When Should You Dispute Your Property Taxes?
There are two main reasons to dispute your property taxes. If you received your property tax bill and feel that your home was over-assessed, you may consider filing an appeal to dispute your property tax assessment.
To decide whether you should dispute your property tax assessment, you’ll have to figure out how much higher the assessment was than what you believe your property is worth. If the assessment is only $2,000 or $3,000 higher than the true value, that probably won’t affect your tax bill enough to be worth appealing.
You may also want to appeal your tax bill if the assessed value is accurate, but you realized you haven’t claimed all the exemptions that you’re eligible for. State and local tax authorities offer a wide variety of exemptions for property taxes, and some states will grant taxpayers multiple exemptions if they qualify.
If you’re concerned that appealing your property tax assessment might result in a penalty or being charged higher taxes in retaliation, don’t worry. You cannot be punished for requesting an appeal on your assessment. Remember, you’re not fighting with your county tax collector; you’re simply requesting a review of the documentation to make sure everything’s correct.
The amount of time you have to file an appeal of your property tax assessment varies depending on your local tax authority’s rules. Generally, taxpayers have 30-45 days to appeal an assessment once they receive their tax bill.
How to Dispute Your Property Taxes
If you decide to dispute your property tax assessment, you should gather evidence that proves your home is over-assessed before submitting your case to the local property appraiser.

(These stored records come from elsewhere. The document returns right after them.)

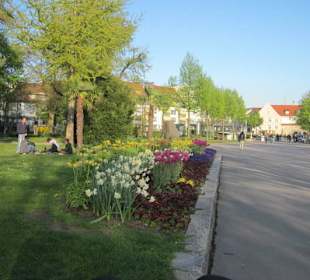 Promenade Friedrichshafen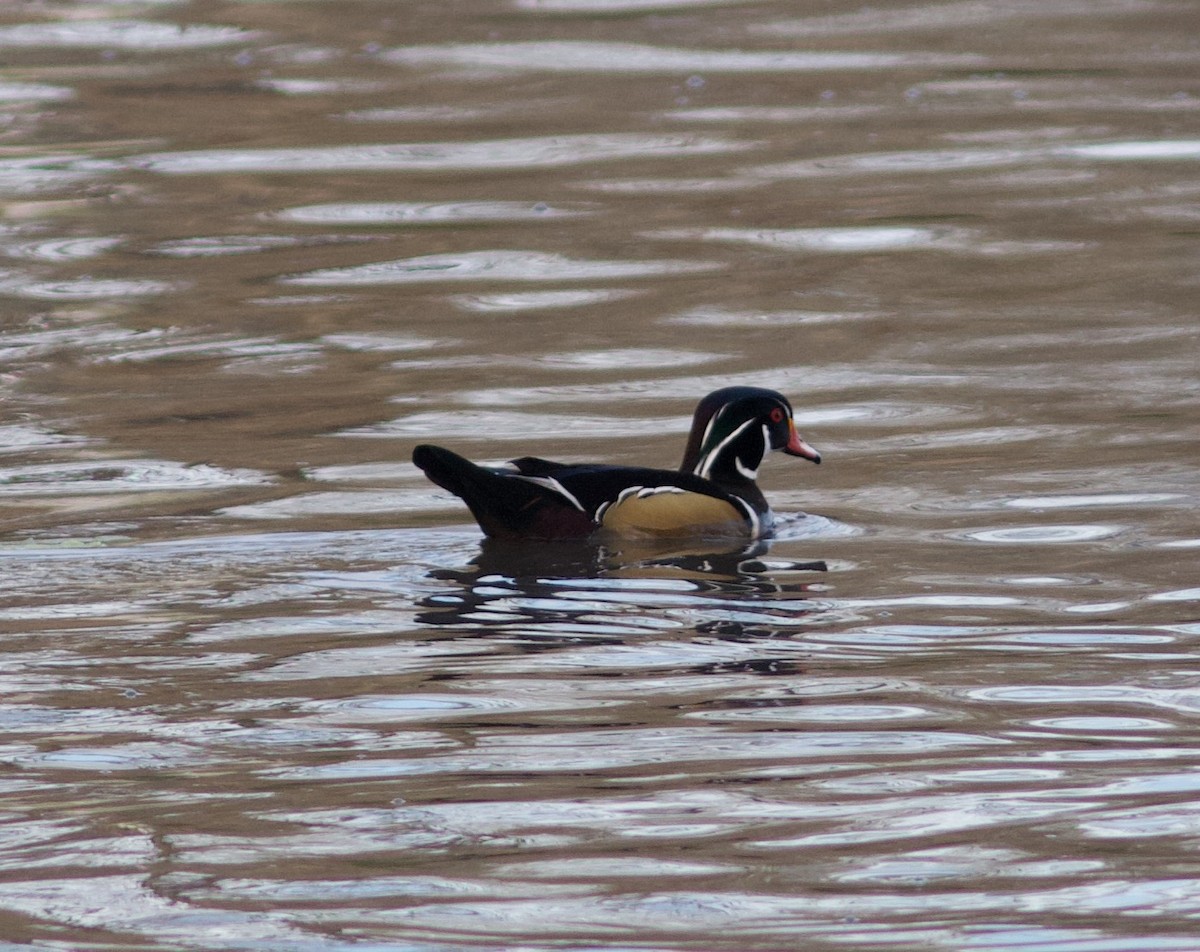 Wood Duck - Cathy Reader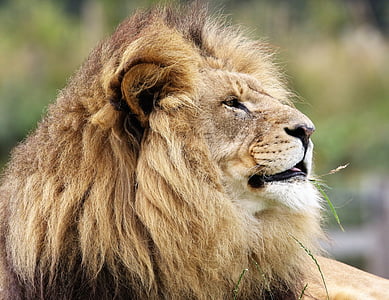 Liūtas, didelės katės, didelis, katė, Laukiniai gyvūnai, laukinių, Carnivore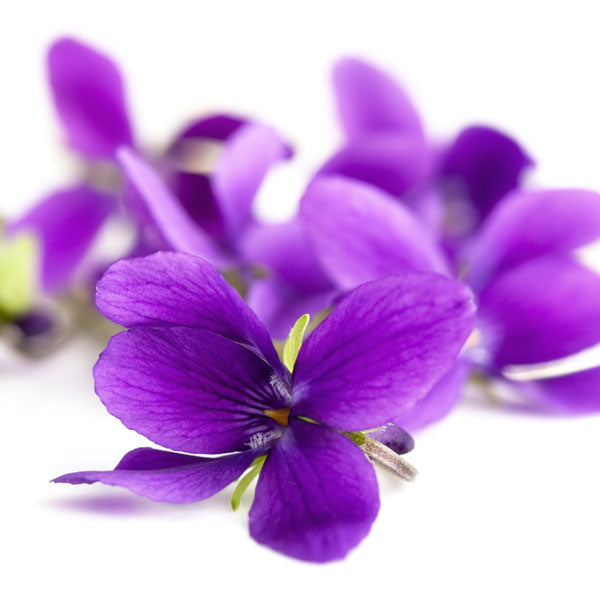 Violet Leaf Middle Note Fragrance Oil — Candle Supply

- Check the property details.
- You can start by double checking the information about your property that’s given on the tax assessment. Are features like the square footage, number of bedrooms and lot size listed correctly? A simple error in these details can cause a big discrepancy in the assessed value of your home.
- Look at comparable home values.
- You can also check whether your property tax assessment is accurate by comparing it to the market value of similar homes nearby. When the local property appraiser determines the value of your home, they use “comparables,” which are other homes with similar locations and characteristics that have recently sold.
- Build your case.
- If you find that your property’s assessed value is significantly higher than the market value of comparable homes, you may have a strong case for appealing the assessment. Even if your assessed value is not far off from the local market value, you may still be able to lower it if there are issues with your property that haven’t been accounted for, such as a leaky basement.
- Consult a professional.
- You can go through the dispute process yourself, but for complex tax issues like this, it’s best to have a tax professional to guide you. And if you’re unsure about the value of your home, you can hire your own appraiser to get an accurate assessment of your property’s value.
- Submit the appeal.
- The process for submitting an appeal varies by state and county, but you should send your appeal along with documentation of the evidence you’ve gathered to your local property appraiser’s office before the deadline. It may be a few months before you receive a verdict.

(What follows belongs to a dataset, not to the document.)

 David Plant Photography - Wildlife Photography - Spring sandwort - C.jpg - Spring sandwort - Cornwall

Benefits and Risks of Disputing Your Property Tax
Some homeowners choose not to dispute their property taxes because they don’t feel that it’s worth the time and effort. However, it’s important to note that correcting an inaccurate property assessment doesn’t just impact this year’s tax bill, but future property taxes as well.
Property taxes tend to rise over time, so a higher assessment can make your tax liability even larger year over year. If you’re able to lower your assessment by appealing, you can reduce the value that goes towards calculating property taxes each year until your home is reassessed.
There is very little risk associated with disputing your property tax assessment. If your appeal is rejected, the worst that can happen is your tax bill stays the same. Appealing an assessment cannot increase your property taxes.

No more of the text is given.